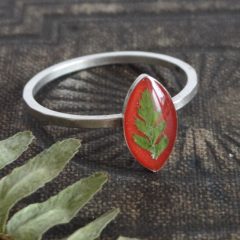 Páfrány Virradat gyűrű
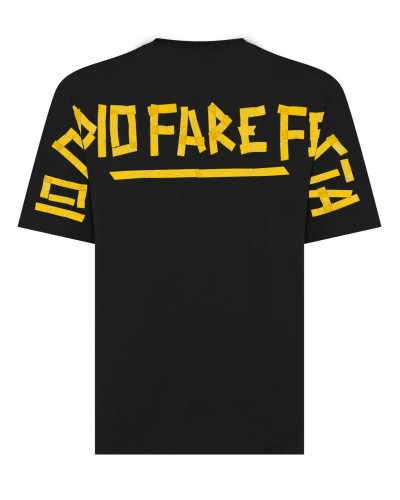 T SHIRT OVERSIZE - IO ODIO FARE FESTA - SCOTCH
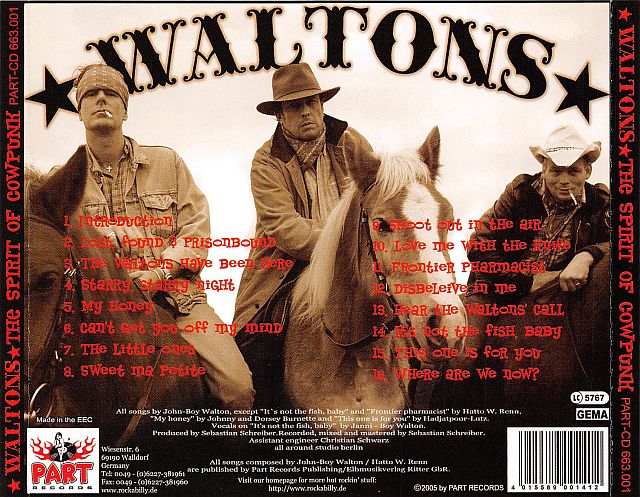 CD - Waltons - The Spirit Of Cowpunk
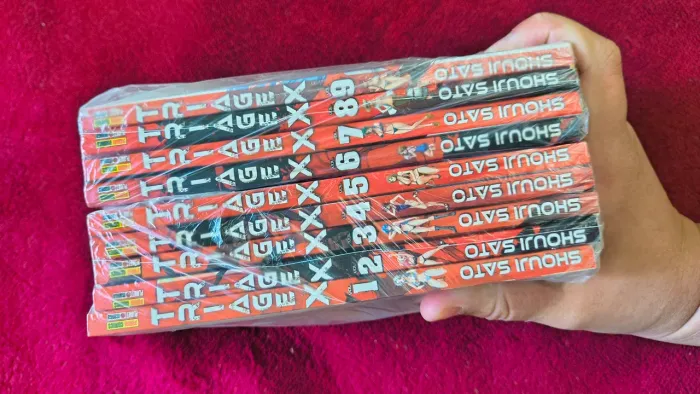 Lote Mangá Triage X Volumes 1 Ao 9 - Panini (sequência Inicial)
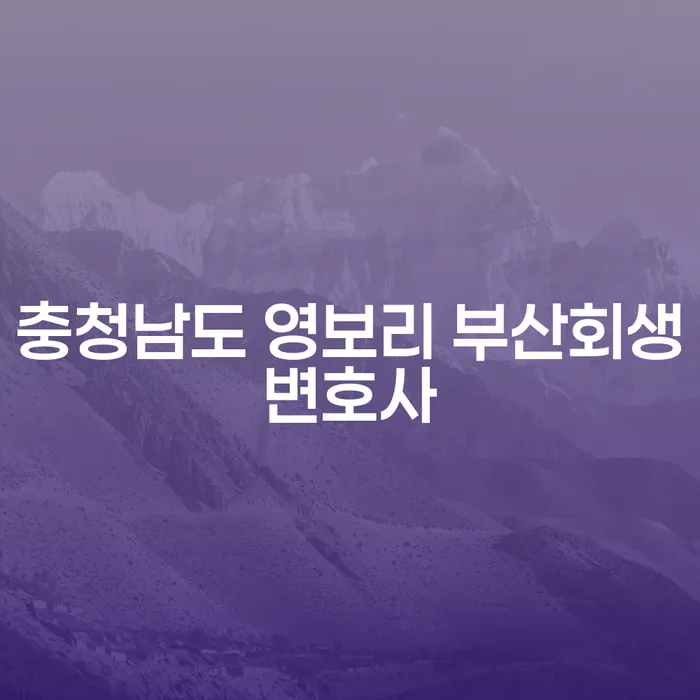 충청남도 영보리 부산회생변호사와 고양시개인파산은 어떻게 도움을 줄 수 있을까요?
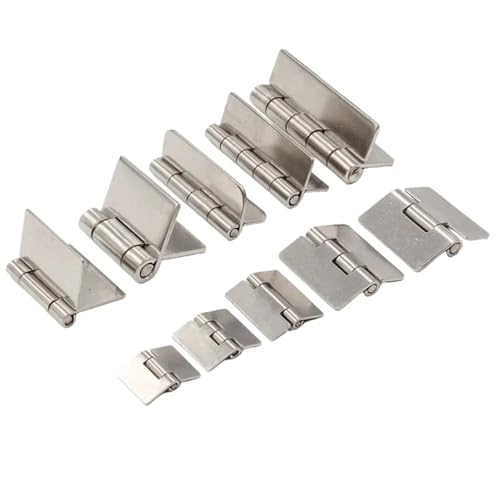 Charnière inox 304 soudable accessoire quincaillerie pour porte buffet turquoise - 5
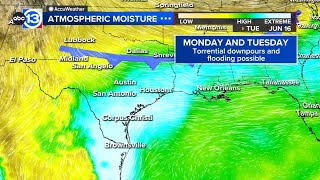 Tracking deeper tropical moisture in the Gulf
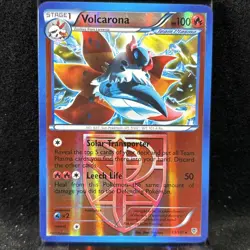 VOLCARONA - 13/101 [Plasma Blast] Pokemon TCG - REVERSE HOLO RARE - Image 1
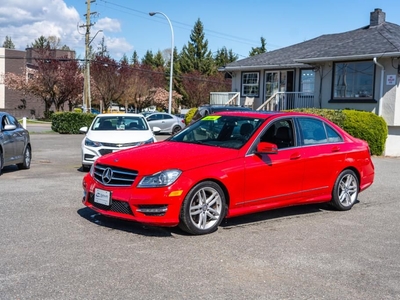 Used 2014 Mercedes-Benz C-Class C300 4MATIC AWD AMG Styling Package, Only 90k, Sunroof! for Sale in Surrey, British Columbia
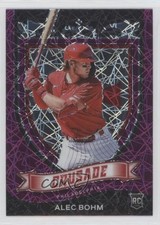 2021 Panini Chronicles Crusade Purple Velocity Prizm Alec Bohm #23 fm0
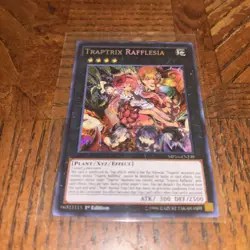 YuGiOh! Traptrix Rafflesia (MP16-EN239) 1st Edition - Secret Rare - NM/M - Image 1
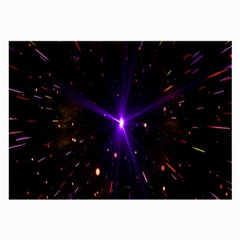 Animation Plasma Ball Going Hot Explode Bigbang Supernova Stars Shining Light Space Universe Zooming Large Glasses Cloth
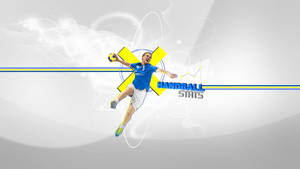 Handball Player Art Wallpaper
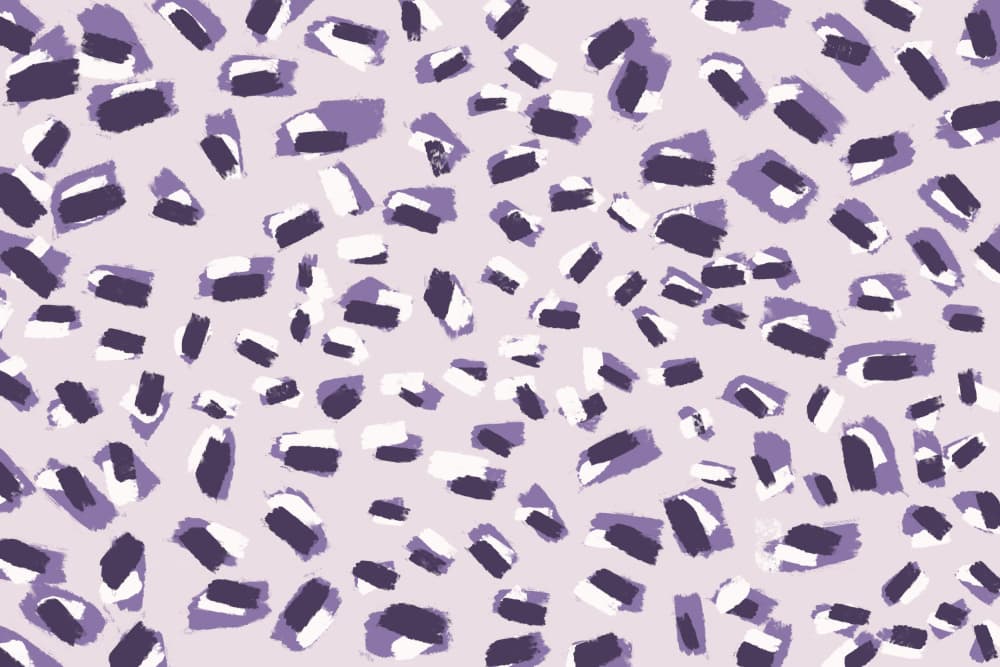 Purple Brush Dance by Treechild — canvas wall art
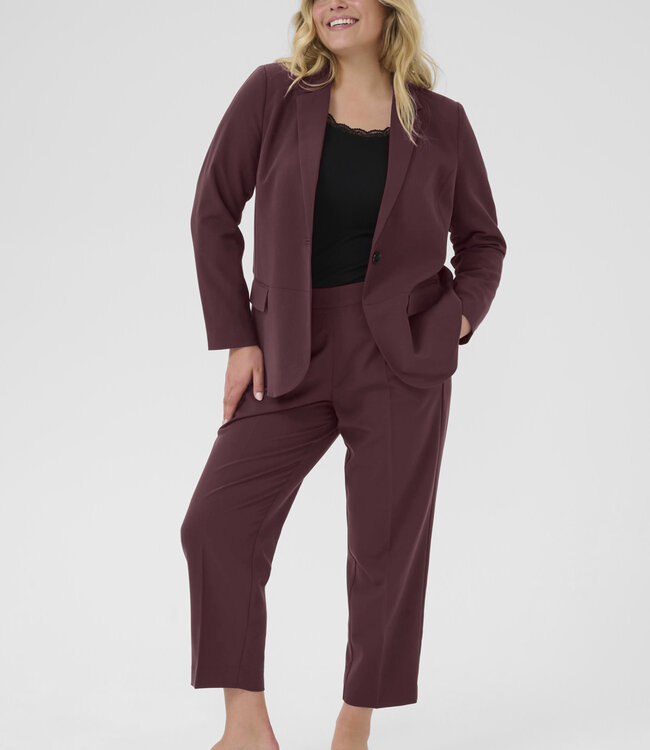 KAFFE CURVE Broek CROPPED SAKIRA KAFFE CURVE FUDGE 191619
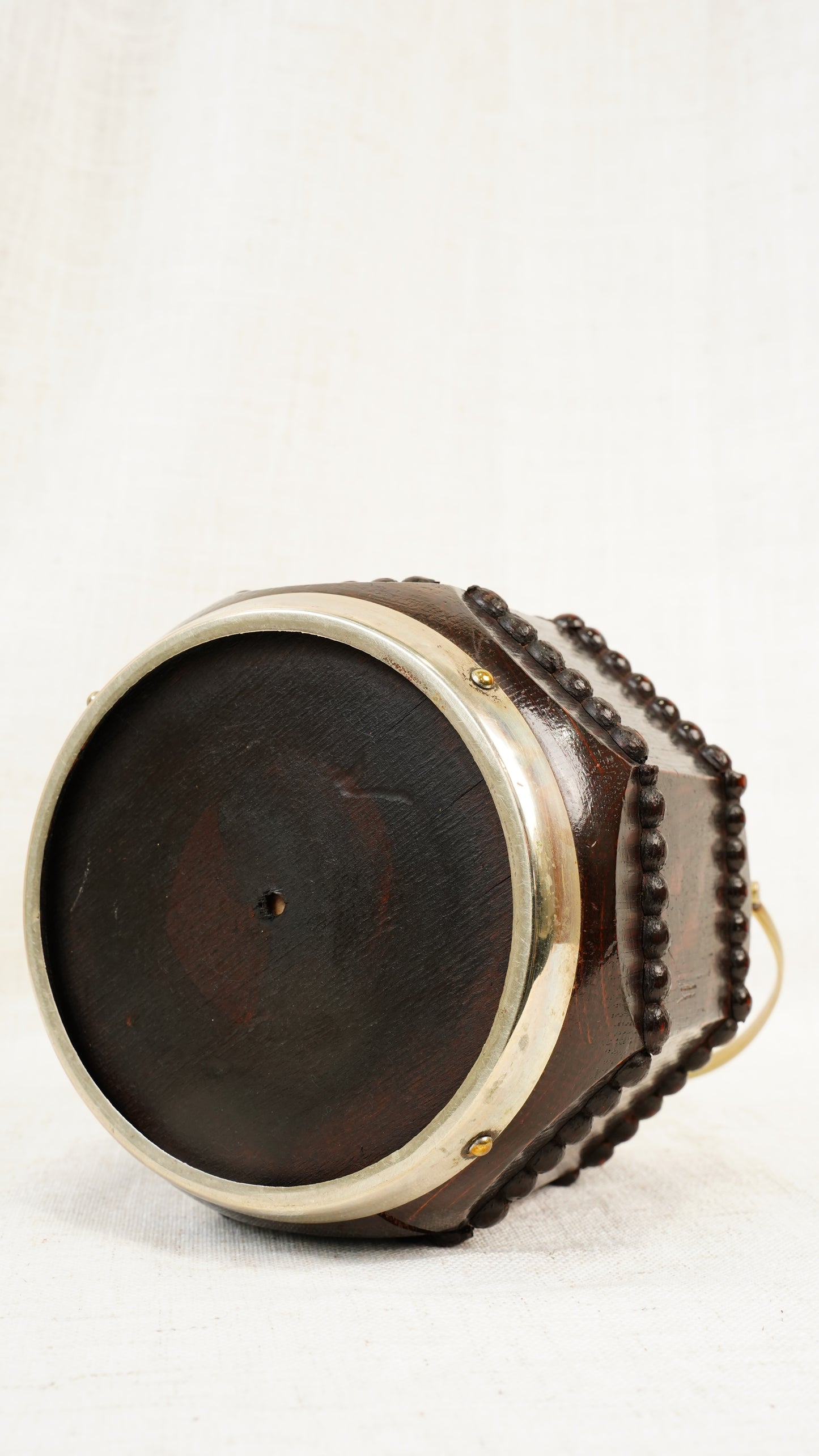 Edwardian Oak and Silver Plated Biscuit Barrel, Circa 1910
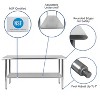 Flash Furniture Stainless Steel 18 Gauge Prep and Work Table with Undershelf - NSF Certified - 3 of 4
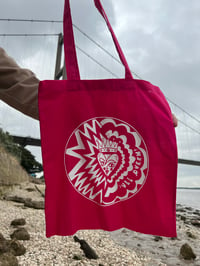 Image 3 of Pink ‘Ull Queen Tote Bag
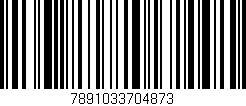 Código de barras (EAN, GTIN, SKU, ISBN): '7891033704873'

* _What to do_
Every line in the data above needs to be given again exactly, pictures aside.

* _Task response_
 Páfrány Virradat gyűrű
 T SHIRT OVERSIZE - IO ODIO FARE FESTA - SCOTCH
 CD - Waltons - The Spirit Of Cowpunk
 Lote Mangá Triage X Volumes 1 Ao 9 - Panini (sequência Inicial)
 충청남도 영보리 부산회생변호사와 고양시개인파산은 어떻게 도움을 줄 수 있을까요?
 Charnière inox 304 soudable accessoire quincaillerie pour porte buffet turquoise - 5
 Tracking deeper tropical moisture in the Gulf
 VOLCARONA - 13/101 [Plasma Blast] Pokemon TCG - REVERSE HOLO RARE - Image 1
 Used 2014 Mercedes-Benz C-Class C300 4MATIC AWD AMG Styling Package, Only 90k, Sunroof! for Sale in Surrey, British Columbia
 2021 Panini Chronicles Crusade Purple Velocity Prizm Alec Bohm #23 fm0
 YuGiOh! Traptrix Rafflesia (MP16-EN239) 1st Edition - Secret Rare - NM/M - Image 1
 Animation Plasma Ball Going Hot Explode Bigbang Supernova Stars Shining Light Space Universe Zooming Large Glasses Cloth
 Handball Player Art Wallpaper
 Purple Brush Dance by Treechild — canvas wall art
 KAFFE CURVE Broek CROPPED SAKIRA KAFFE CURVE FUDGE 191619
 Edwardian Oak and Silver Plated Biscuit Barrel, Circa 1910
 Flash Furniture Stainless Steel 18 Gauge Prep and Work Table with Undershelf - NSF Certified - 3 of 4
 Image 3 of Pink ‘Ull Queen Tote Bag
 Código de barras (EAN, GTIN, SKU, ISBN): '7891033704873'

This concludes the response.